Dr Abdul Hameed, a WHO medical officer, is deeply concerned over the sharp rise in HIV/AIDS cases among IDUs because there is no official detoxification and rehabilitation program in the country.
Hameed said the health department and donor agencies used to believe that HIV/AIDS had no local source in Pakistan, and blamed an HIV-positive immigrant population deported from the United Arab Emirates and other countries.
"A WHO study has proved that the infection has a potential local source, namely IDUs, which warrants administrative support to addicts at antiretroviral therapy [ART] centers," Hameed said.
Pakistan has set up 13 ART centers in collaboration with the WHO, where around 5,000 patients have received treatment so far.
Oussama Tawil, UNAIDS country coordinator for Pakistan and Afghanistan, said that a high incidence of HIV/AIDS among IDUs in Peshawar had alarmed UN agencies.
"The number of IDUs who share syringes has increased from 500 to 1,800 in the city over the last three years," he said. The situation is also dismal in other Pakistani cities such as Karachi, Faisalabad, Sukkur, Larkana, Lahore and Rawalpindi, he said. "In 2007, Pakistan had an estimated 90,000 IDUs and the number has now risen to around 500,000," Tawil said.
UNAIDS is in the process of establishing 20 wards for detoxification and rehabilitation of IDUs. NGOs will locate IDUs and bring them to the wards for detoxification.
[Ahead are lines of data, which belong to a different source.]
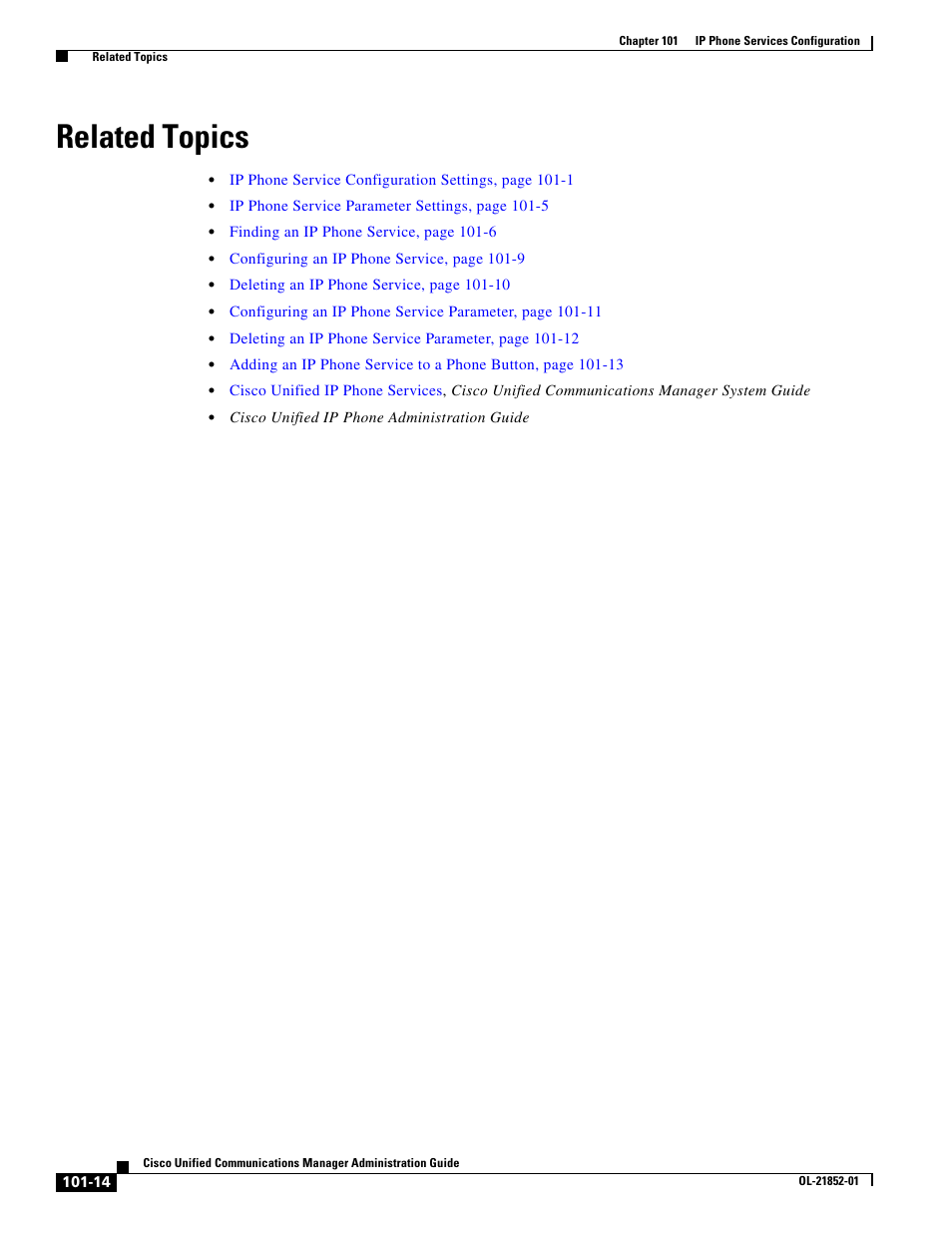 Related topics | Cisco OL-21852-01 User Manual | Page 14 / 14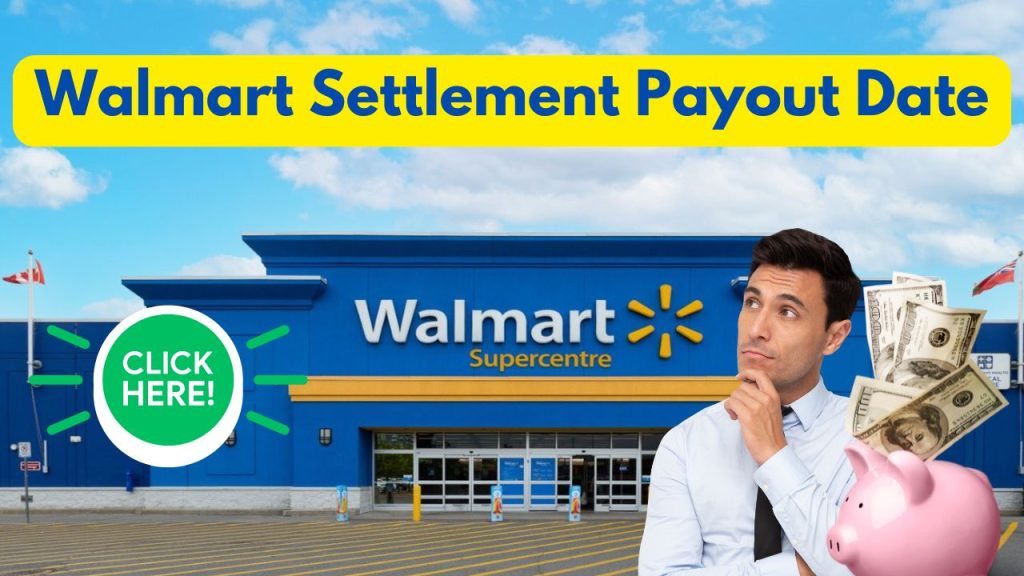 Walmart Class Action Settlement Payment Dates and Status Updates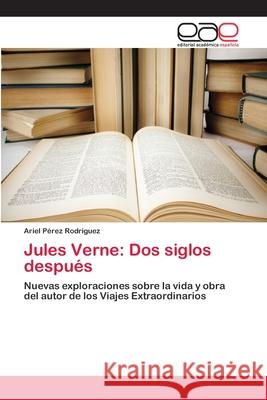 Jules Verne: Dos siglos después Pérez Rodríguez, Ariel 9783659002632 Editorial Acad Mica Espa Ola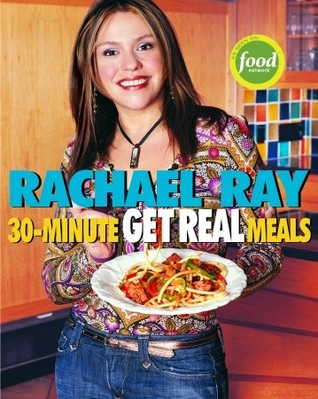 30-Minute Get Real Meals: Eat Healthy Without Going to Extremes (2005)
Those with HIV will be taken to ART centers for treatment, Tawil said.
NGOs have also been assigned to implement the UN's needle exchange program, under which IDUs will be given sterilized needles to end the use of contaminated ones and prevent the human immunodeficiency virus from spreading, he said. ?This is a pilot program for Peshawar and will be launched in other cities later.
After detoxification, the IDUs will be counseled and tested at ART centers so that they don't go back to narcotics, Tawil said.
The 2013 survey, Drug Use in Pakistan, jointly conducted by the Narcotics Control Division, Pakistan Bureau of Statistics and UN Office on Drugs and Crime, shows that around 4.25 million people in the country are drug-dependent.
Mian Zulqernain Amir, joint secretary of the Narcotics Control Division, said that in the last 12 months only 30,000 adult drug users had access to treatment, mostly at private centers run by NGOs.
"However, we now have baseline information on the prevalence and pattern of drug use among the population and we are taking steps, in collaboration with the UN and NGOs," he said.
The survey showed that cannabis was the most commonly used drug in Pakistan, with four million people listed as users. Opium and heroin were taken by about 1% of drug users. The highest levels of heroin use were seen in provinces bordering poppy-cultivating areas in Afghanistan.